Shapiro's attorney speaks regarding UM's NCAA notice
CORAL GABLES, Fla. (WSVN) -- After the NCAA officially put the University of Miami on notice following a booster's blockbuster claims against the athletic department, that booster's attorney is speaking about the allegations.
The University of Miami is trying to defend itself after the NCAA handed down a notice of allegations against the school. The details and penalties are unknown, but the university has been hit with the words of "lack of institutional control."
Everything centers around the allegations made by convicted Ponzi scheming booster Nevin Shapiro. Shapiro claimed he showered athletes with cash and gifts.
What makes this investigation concerning to some is that allegedly Shapiro's attorney, Maria Elena Perez, was sharing information with the NCAA and was getting paid.
Maria Elena Perez: "I was sharing my information with them."
Reporter: "And you didn't think anything was wrong with that?"
Maria Elena Perez: "What is wrong with that? Rosh, what would I think is wrong with that?"
The NCAA eventually fired an enforcement official and omitted the information obtained from Elena Perez and Shapiro in its report.
Reporter: "Some people may say a red flag should have gone up? You should have said, 'Listen, you want these documents, they are public documents go and get them.'"
Maria Elena Perez: "But we got paid for the lidication part of it and they were an angel."
Elena Perez said she did nothing wrong with simply giving the NCAA public documents.
The University of Miami's president Donna Shalala released a statement which reads in part: "The NCAA enforcement staff could not find evidence of prostitution, expensive cars for players, expensive dinners paid for by boosters, player bounty payments, rampant alcohol and drug use, or the alleged hundreds of thousands of dollars in cash and gifts given to students athletes, as reported in the media. The fabricated story played well, the facts did not."

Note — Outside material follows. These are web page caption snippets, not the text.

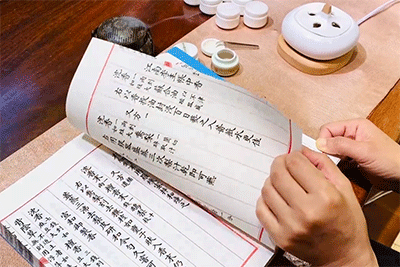 【香】传说中的鹅梨帐中香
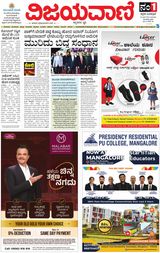 Vijayavani Mangaluru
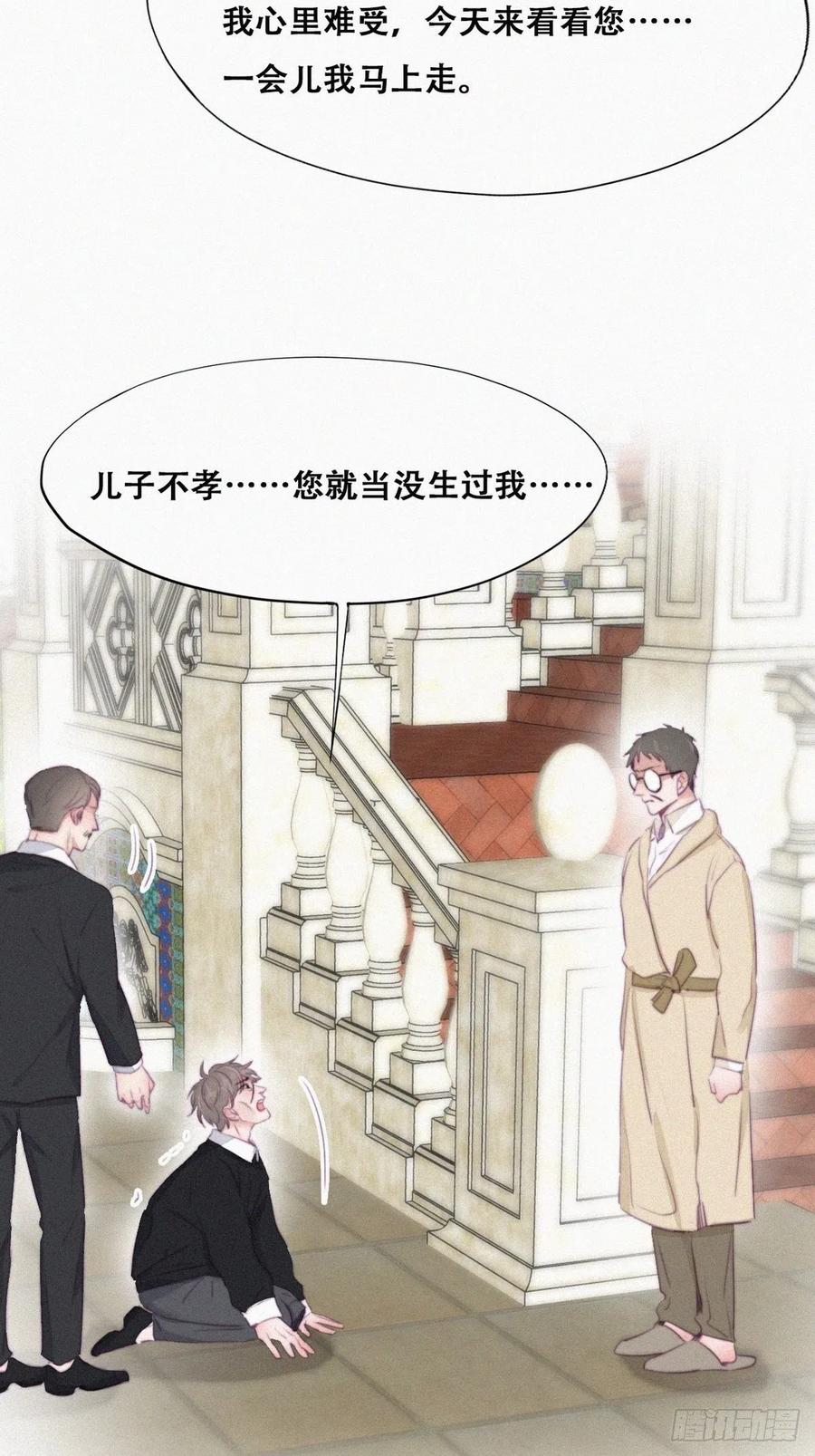 《傲娇奶爸休想逃》101 二胎有了？ 第26页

Shalala fired back against the NCAA. The University of Miami has already be self imposed by sitting out two bowl games, a conference football championship game and scholarships. Shalala said this is enough.
Maria Elena Perez: "If I have been giving them documents that the public could not obtain, then that would be different. But I never did that."
Shalala said she will be going after the NCAA. UM has 90 days to respond to these allegations, and then a hearing will ensue as well as possible sanctions.